**EXERCISE REQUIREMENTS:**
Please state how many lines in the records below contain the word "Книга"; the answer should be a number and nothing else.

(Collection entries)
· · · · ·

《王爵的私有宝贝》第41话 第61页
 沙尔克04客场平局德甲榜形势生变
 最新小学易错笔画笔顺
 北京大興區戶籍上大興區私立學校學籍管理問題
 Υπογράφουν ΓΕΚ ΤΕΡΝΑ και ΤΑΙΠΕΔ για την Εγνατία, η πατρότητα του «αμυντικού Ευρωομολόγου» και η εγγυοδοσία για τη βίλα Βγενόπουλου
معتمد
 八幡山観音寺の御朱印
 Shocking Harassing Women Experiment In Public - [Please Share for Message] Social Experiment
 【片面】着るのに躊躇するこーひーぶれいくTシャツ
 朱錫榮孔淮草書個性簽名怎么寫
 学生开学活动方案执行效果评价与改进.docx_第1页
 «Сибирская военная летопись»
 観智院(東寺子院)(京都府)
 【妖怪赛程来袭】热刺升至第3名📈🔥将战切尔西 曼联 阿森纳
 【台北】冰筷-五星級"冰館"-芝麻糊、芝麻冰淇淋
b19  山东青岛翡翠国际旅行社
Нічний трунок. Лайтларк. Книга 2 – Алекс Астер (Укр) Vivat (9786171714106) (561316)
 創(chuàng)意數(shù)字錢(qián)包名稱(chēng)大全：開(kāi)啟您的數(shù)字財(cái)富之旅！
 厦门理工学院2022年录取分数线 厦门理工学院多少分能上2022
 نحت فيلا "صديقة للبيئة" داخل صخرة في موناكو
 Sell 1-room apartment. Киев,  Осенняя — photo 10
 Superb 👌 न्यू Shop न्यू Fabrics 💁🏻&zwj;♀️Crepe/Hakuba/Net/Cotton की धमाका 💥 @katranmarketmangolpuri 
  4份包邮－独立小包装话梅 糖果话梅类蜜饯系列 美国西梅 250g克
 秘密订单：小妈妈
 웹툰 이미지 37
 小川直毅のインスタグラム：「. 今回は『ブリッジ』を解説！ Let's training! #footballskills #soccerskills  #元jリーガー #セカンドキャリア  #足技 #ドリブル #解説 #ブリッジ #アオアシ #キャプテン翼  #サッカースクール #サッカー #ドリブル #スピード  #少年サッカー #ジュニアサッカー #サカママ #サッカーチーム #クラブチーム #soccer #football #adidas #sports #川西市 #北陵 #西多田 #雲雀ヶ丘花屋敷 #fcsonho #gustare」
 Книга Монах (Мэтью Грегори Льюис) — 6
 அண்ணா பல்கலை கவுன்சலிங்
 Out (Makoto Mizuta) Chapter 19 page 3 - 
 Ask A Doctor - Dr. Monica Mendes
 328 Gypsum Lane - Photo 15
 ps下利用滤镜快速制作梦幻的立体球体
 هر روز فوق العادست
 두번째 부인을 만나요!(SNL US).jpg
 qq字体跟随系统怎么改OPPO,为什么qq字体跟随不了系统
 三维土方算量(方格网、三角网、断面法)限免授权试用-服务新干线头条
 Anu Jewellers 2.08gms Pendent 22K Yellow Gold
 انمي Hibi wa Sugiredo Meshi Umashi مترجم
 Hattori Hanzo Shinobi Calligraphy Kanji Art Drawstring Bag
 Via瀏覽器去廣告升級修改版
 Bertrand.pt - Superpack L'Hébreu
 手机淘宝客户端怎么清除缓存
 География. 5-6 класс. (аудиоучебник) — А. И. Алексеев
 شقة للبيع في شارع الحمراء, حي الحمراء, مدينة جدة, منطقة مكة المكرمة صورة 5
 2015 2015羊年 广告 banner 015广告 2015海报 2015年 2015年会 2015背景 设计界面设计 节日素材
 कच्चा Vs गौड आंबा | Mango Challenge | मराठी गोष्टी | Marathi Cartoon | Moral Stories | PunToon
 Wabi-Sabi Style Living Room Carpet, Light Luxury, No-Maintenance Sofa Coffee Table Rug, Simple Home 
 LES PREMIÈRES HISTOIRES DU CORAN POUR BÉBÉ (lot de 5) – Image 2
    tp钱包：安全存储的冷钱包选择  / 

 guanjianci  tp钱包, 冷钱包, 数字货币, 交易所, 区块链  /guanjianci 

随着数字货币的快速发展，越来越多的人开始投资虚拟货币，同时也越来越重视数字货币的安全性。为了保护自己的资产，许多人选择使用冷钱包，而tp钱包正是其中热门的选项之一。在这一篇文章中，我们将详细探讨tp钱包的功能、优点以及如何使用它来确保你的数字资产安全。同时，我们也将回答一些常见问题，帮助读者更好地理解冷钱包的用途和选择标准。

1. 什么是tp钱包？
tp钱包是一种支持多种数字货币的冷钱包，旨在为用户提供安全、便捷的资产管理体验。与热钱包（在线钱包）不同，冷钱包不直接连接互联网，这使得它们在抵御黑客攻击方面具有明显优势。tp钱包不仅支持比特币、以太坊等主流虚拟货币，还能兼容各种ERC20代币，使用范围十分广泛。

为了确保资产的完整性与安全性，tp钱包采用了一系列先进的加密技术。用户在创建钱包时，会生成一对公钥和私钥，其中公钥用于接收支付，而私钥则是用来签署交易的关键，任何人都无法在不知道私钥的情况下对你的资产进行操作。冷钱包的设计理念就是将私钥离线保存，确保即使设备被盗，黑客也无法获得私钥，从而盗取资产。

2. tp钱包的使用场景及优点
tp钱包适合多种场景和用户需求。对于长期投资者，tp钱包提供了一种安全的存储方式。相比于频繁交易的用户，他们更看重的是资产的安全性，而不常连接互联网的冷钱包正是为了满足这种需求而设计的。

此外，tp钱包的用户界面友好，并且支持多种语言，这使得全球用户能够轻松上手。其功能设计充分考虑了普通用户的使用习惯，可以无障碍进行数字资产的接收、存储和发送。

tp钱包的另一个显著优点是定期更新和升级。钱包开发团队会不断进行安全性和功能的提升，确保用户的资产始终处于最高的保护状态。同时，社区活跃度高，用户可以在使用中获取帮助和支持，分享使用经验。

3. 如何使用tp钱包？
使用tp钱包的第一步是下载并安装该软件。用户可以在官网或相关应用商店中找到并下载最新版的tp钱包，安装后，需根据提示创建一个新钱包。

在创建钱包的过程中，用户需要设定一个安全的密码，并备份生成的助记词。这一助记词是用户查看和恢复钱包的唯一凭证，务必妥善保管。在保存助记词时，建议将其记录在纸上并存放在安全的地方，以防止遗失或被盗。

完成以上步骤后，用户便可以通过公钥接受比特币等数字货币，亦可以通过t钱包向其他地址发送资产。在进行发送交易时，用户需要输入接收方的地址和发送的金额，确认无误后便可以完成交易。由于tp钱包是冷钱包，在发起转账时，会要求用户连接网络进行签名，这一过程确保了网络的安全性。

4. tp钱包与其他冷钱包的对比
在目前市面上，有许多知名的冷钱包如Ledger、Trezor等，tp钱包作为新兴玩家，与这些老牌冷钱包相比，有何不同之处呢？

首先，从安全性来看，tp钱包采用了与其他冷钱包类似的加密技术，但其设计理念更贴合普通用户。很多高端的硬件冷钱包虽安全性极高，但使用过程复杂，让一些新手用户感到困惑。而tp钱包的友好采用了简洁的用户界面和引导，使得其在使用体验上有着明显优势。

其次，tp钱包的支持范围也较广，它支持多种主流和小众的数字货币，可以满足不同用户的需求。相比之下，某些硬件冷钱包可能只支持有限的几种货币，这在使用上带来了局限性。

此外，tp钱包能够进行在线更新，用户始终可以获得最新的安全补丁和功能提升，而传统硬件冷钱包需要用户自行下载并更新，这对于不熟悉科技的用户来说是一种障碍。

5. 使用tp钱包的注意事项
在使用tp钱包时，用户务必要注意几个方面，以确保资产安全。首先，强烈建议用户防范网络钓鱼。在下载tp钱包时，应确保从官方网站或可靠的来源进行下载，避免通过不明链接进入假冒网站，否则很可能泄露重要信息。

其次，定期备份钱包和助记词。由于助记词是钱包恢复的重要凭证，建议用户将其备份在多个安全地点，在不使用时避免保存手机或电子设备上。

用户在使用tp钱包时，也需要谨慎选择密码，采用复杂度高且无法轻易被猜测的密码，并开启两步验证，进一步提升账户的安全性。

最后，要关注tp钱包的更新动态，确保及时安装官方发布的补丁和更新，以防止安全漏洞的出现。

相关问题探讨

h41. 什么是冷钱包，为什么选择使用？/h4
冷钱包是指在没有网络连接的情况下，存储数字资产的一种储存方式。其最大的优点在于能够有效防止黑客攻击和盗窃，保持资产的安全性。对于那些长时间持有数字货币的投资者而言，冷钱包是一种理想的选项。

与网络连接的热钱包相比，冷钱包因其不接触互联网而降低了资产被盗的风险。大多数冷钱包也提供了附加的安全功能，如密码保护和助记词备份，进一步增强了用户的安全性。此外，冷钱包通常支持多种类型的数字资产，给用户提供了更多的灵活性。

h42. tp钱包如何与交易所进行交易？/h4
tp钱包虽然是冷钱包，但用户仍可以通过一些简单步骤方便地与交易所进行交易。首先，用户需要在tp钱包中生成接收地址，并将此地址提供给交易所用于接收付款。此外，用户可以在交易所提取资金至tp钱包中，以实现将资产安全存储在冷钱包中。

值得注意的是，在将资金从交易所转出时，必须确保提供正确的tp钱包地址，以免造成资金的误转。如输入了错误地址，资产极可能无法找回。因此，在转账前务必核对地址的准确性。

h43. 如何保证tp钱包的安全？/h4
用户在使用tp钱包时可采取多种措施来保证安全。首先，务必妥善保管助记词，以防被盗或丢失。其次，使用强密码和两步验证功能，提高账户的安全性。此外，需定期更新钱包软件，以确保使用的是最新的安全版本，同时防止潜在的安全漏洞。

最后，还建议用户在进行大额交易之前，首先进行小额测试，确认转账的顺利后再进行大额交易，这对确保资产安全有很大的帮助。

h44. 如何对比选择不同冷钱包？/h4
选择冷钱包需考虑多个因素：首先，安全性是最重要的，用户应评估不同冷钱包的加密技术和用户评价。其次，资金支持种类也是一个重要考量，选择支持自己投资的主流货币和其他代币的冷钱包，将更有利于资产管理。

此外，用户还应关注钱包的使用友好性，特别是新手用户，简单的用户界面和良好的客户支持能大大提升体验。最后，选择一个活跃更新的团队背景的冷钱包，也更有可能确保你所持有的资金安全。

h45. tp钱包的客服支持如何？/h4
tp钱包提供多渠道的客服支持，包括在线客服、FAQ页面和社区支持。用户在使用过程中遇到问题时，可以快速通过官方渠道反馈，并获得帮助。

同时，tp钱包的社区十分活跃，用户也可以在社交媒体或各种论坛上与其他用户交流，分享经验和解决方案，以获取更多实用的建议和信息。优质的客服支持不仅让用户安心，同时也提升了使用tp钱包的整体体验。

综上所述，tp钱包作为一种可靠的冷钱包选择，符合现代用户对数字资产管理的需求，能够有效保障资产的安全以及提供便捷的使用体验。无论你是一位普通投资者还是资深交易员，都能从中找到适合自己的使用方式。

· · · · ·

**SOLVED PROBLEM:**
2